Pressed by Mr Walker, Mr Macartney-Snape reiterated that his support for Mr Griffith’s work was well known in the general community at the time of his speech day addresses.


“My support of Mr Griffith was well known in many publications, including my own book, which by that time had been published and sold extensively around Australia.”


Asked to elaborate by Justice David Kirby, the climber outlined a range of publications and events in which he said his support for Mr Griffith’s work was clear.


“There was an article in The Bulletin in 1988 about the launch of Mr Griffith’s first book, in which I am quoted. In 1990 I took the FHA symbol to Mt Everest and in my public lectures around Australia after Everest, many thousands of people attended … and I mentioned my support briefly to explain why I had the flag there. Plus there was an article in the Sydney Morning Herald and The Age colour supplement in 1991. And there was Millikan’s review.”


The case continues on Monday morning. The plaintiffs are expected to call Belgium-based Major Dr William Casebeer, philosopher and cognitive scientist, to give evidence as to the scientific and scholarly merit of Mr Griffith’s work.

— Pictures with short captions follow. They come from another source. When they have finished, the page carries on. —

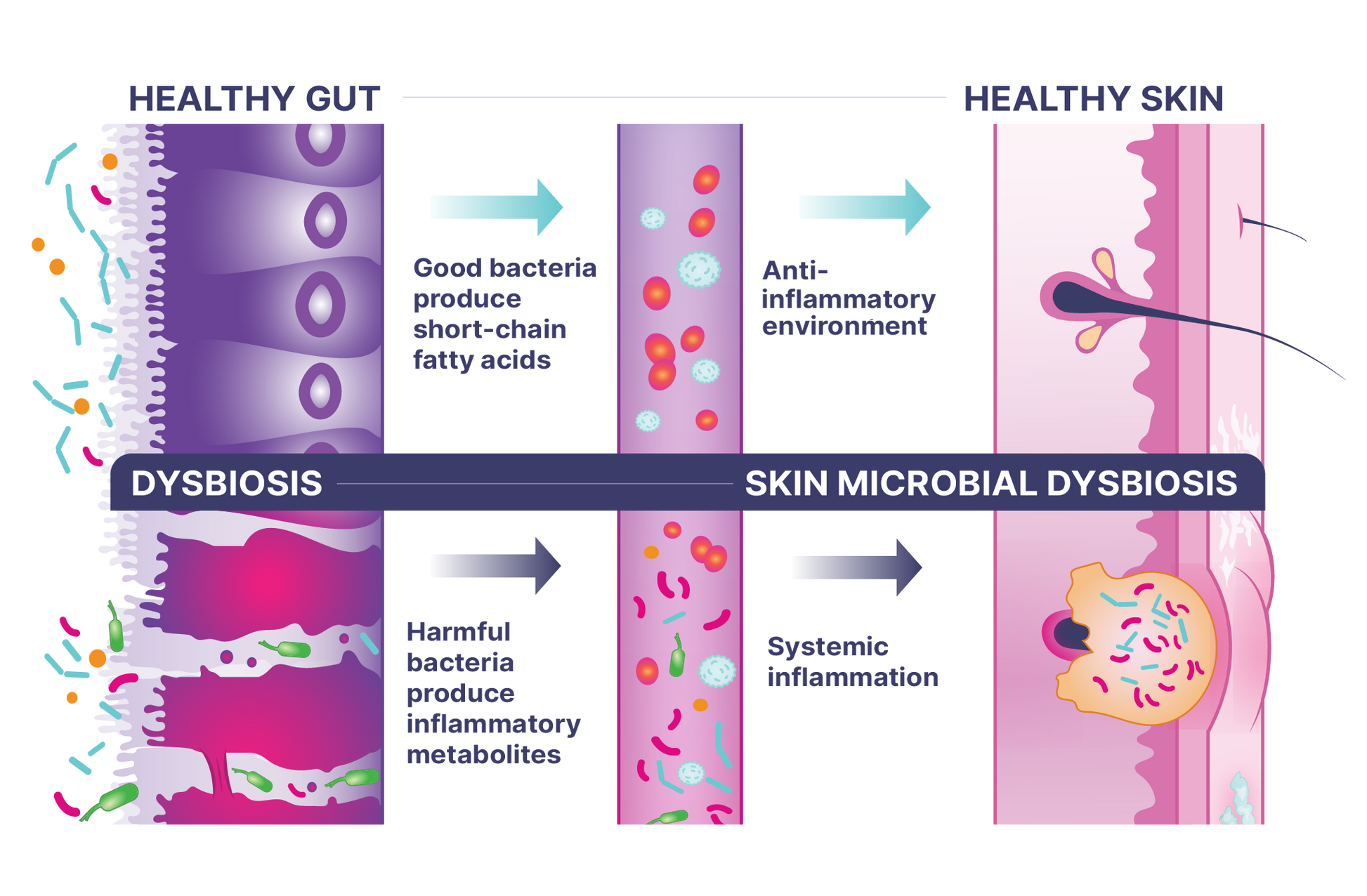 DigestMate diagram illustrating the connection between healthy gut, skin microbial dysbiosis, and intestinal balance.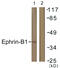 Ephrin B1 antibody, GTX87196, GeneTex, Western Blot image 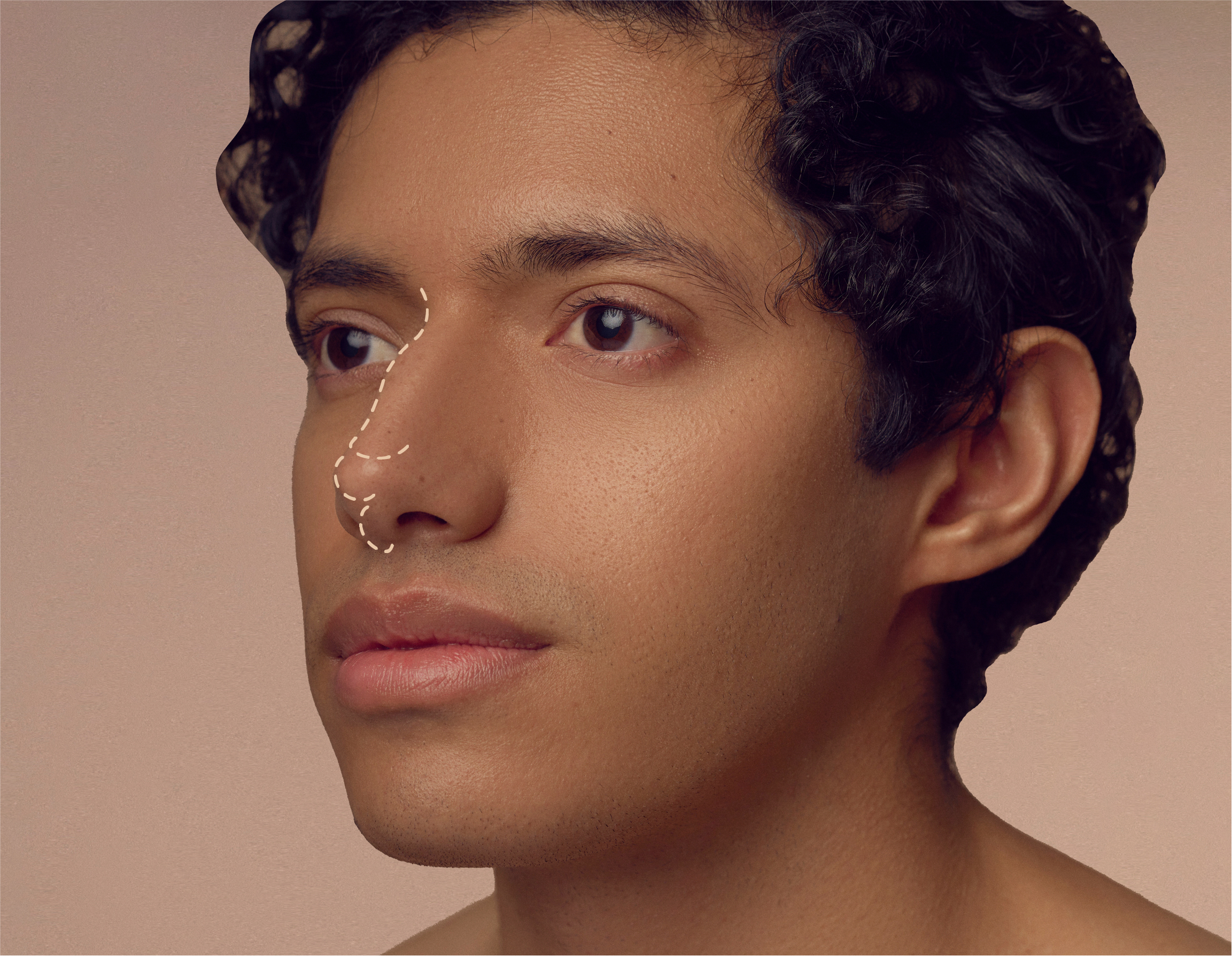 A person with curly hair faces sideways. White dotted lines overlay the nose, indicating potential cosmetic surgery areas. The background is neutral beige.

Elite mountaineer pays tribute to Macartney-Snape


Posted: 22 March 2007


Elite New Zealand mountaineer and ex-SAS officer, Athol Whimp, gave evidence today in the Supreme Court for his fellow climber Tim Macartney-Snape.


Mr Whimp, winner of the Piolet d’Or, the prestigious French award for mountaineering achievement, was asked about Mr Macartney-Snape’s reputation within elite mountaineering circles and paid tribute to his accomplishments and character.


“Based on Tim’s two ascents of Mt Everest without oxygen, the style in which they were carried out, and the style of Gasherbrum IV and other climbs that preceded his first Everest ascent, Tim was regarded as a very strong climber who performed very well at high altitude, a climber who climbed in what we term a very good style.”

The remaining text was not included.